El otoño es un viejo verde vestido con hojas de parra al que se le ve
el trasero cuando se agacha a levantar las faldas de las mozuelas. Tiene
las digestiones lentas y la cabeza repelada de tiña y mugre. Sonríe con
dos dientes mal pareados y te mira esquinado con un gesto bizco y
desafiante. Se diría que te podría morder como un perro en cuanto le
dieras la primera patada, aunque se dejara la caries en tu muslo. No
parece elegante al modo romántico; más bien, es un defecto derivado del
hambre, los malos hábitos, el exceso de trabajo y la rijosidad. Lo
celebramos como se merece un único día y luego lo escondemos con sus
calabazas y harapos en lo más profundo de los trasteros, de donde no
sale si no es para el cementerio.
Sin embargo, hay quienes creen que ya no hay otoños. La misma gente
que cree en Batman, en dios, en el deshielo del Ártico (como si no
hubiera Antártico también) y en los beneficios para la salud del jamón
serrano (la OMS es mala remala y solo busca torpedear la economía del
país del ibérico y el lacón), te puede decir de buenas a primeras que
estos tiempos ya no son como los de antes: para tal cosa, lo primero es
ser decididamente mayor, pues, si no, a santo de qué se podría hablar
con experiencia de hogaño; y lo segundo es tener mala memoria, porque
mira que no hay cientos de cuadros de otoños verdes y marrones entre los
pintores realistas del siglo XXI, que como todo el mundo sabe son los
que más se venden en las exposiciones porque, junto con las marinas,
quedan muy bien en los salones de las chalets adosados.
Que el otoño existe lo saben mis huesos, que lo anticipan con esos
malestares cíclicos que piden cama y calorcito. Lo aprovechan también
los publicistas, que te venden miles de aparatos para que te quedes en
casa viendo la tele mientras pedaleas, corres o te masturbas bajo la
manta. Es conocido por los ladrones a domicilio, que entran en temporada
baja en cuanto triunfa octubre y cambian las casas por las calles
tumultuosas, los bares y los centros comerciales en fin de semana.

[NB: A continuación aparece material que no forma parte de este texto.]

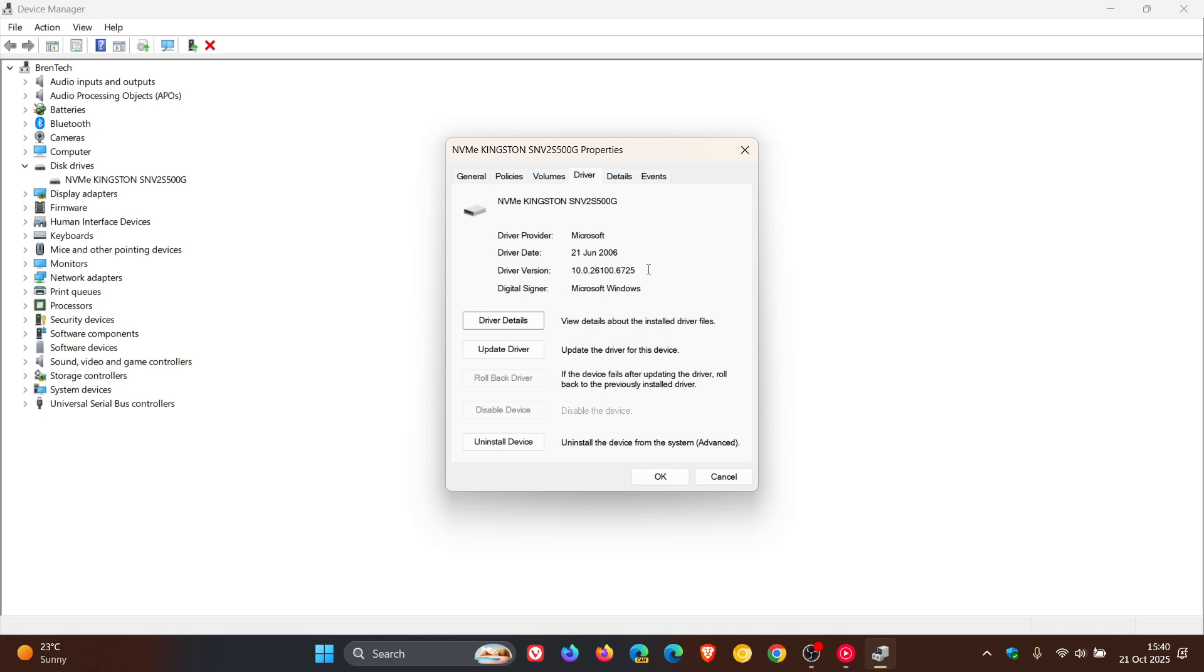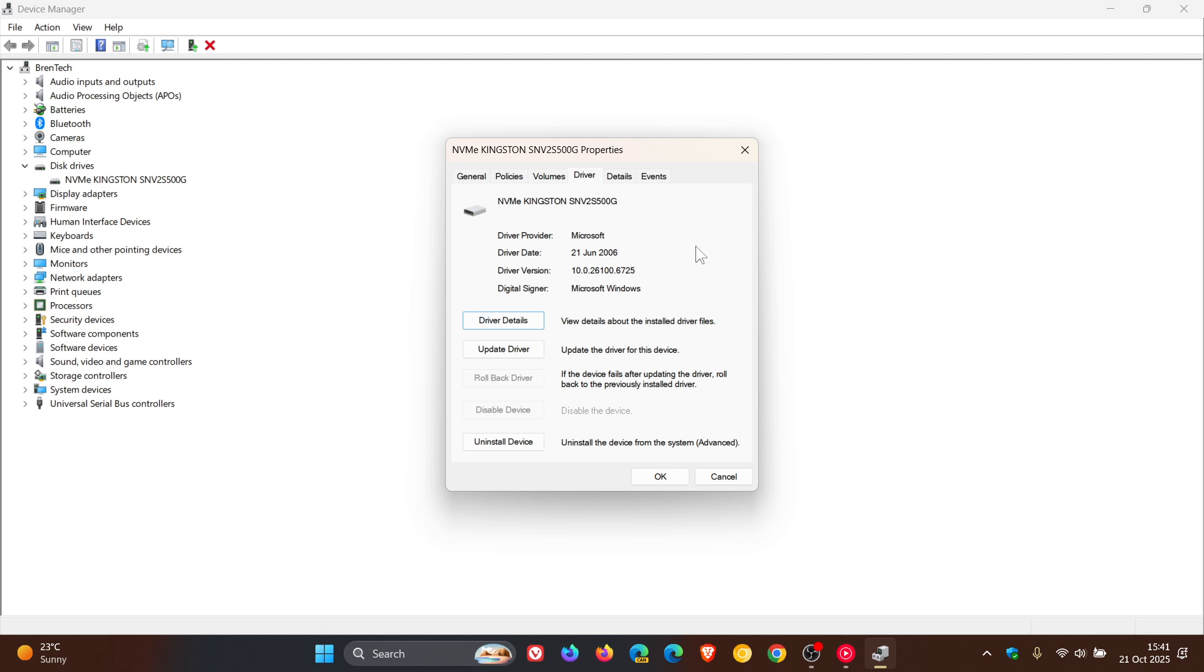When determining which driver to install, Windows Update uses targeting information set by the provider inside the driver files to determine the best driver. Microsoft says this lets the device provider promote the best driver regardless of the chosen date.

Y lo
descubrieron muy pronto, también los poetas románticos, que se sentían
juguetes del viento y se despeñaron con las hojas por paisajes que
comprendían la melancolía y la desesperación.
He tratado de cerrarle la puerta, pero el otoño ya se ha instalado en
la parra del jardín y me temo que no tardará mucho en enseñar las
vergüenzas de la pared desnuda.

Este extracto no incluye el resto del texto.